I think it would be a game changer. Frankly I don’t understand how come it isn’t a standard feature in every DAW
That would be great, and that works fine if thats implemented inside a single plugin, but imagine having a phaser plugin, or a pumping compressor (or both lol) in the inserts slots. Volume will could vary constantly at the end of the plugin chain and the DAW would have to work against that by constantly compensating the gain. I think thats not really possible with 3rd party plugins. Maybe with Steinberg plugins only?
Hey tj99, have you ever used the plugin by topro linked above. Or “perception” by Ian Shepard? I used them both and once you do you realise how well they work. And how indispensable they are. They are not for every situation, like a phaser. But when you are eq-ing and compressing they are invaluable. If your hand can compensate the volume on the fader, so can a plugin. It can use averaging over different time. There is only one huge problem: you need to insert two plugins in your chain every single time. And often you end up not using it because of that. If it was only to click it on and off in the channel mixer in your daw…

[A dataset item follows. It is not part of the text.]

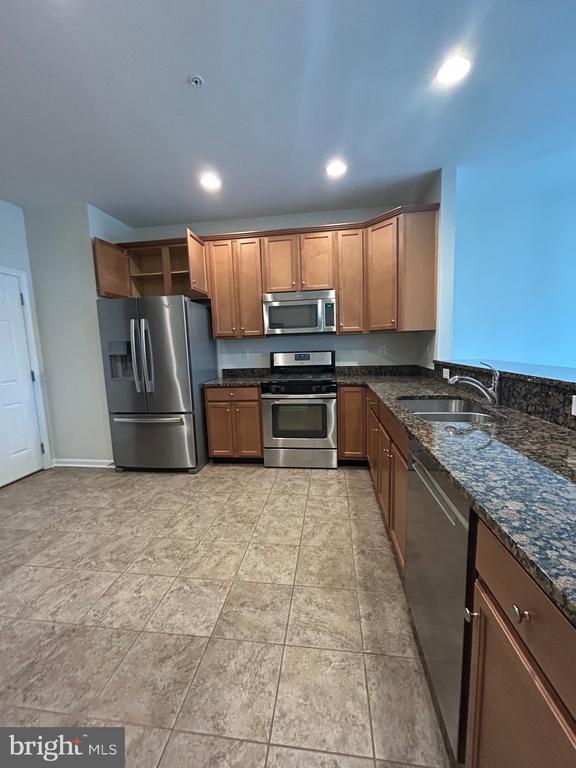 Building Photo - 44 Clement Ct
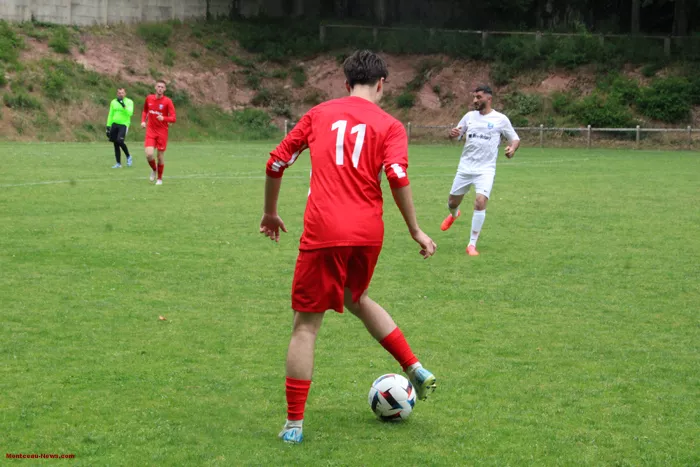 foot-hugues-040625161086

Honestly man, try those plugins. It is illuminating to use them. Volume differences trick us into a lot of bad decisions…
I heard about these plugins and looked at some videos on youtube where people where trying them. I like the concept and yeah its really important, but I already have it intgrated in my normal workflow, so I don’t think I would save time using these plugins.
These plugins maybe work well for mastering and referencing tracks, but when mixing, I usually like the sound of an audio track in the mix, or I tweak it and make (big) moves until I like it. And sometimes my unmixed tracks are too quiet anyways, so I bring them up in level by using a trim plugin or a compressor (on vocals i.e.). Having an algorithm which compensates for that would not really help me.
How would you do that if you would like to compensate for gain, lets say, after the 8th plugin? You would still need a plugin like perception or topro? I get motivation behind that idea, I just don’t really think thats thought through the end.
When you are working on a track in the context of a mix (i.e. not on the sound of the individual track) it is as useful. It means you set you level with the fader, and then you can tweak compression and EQ, and the volume of your track remains exactly the same in the mix. You only hear the changes of the tweaks you are making to EQ and compression.
As to your question as for how you compensate after the 8th plugin, that illustrates exactly why this functionality needs to be embedded on Cubase itself (not on a third party plugin, that is going to take 2 plugin slots on each track)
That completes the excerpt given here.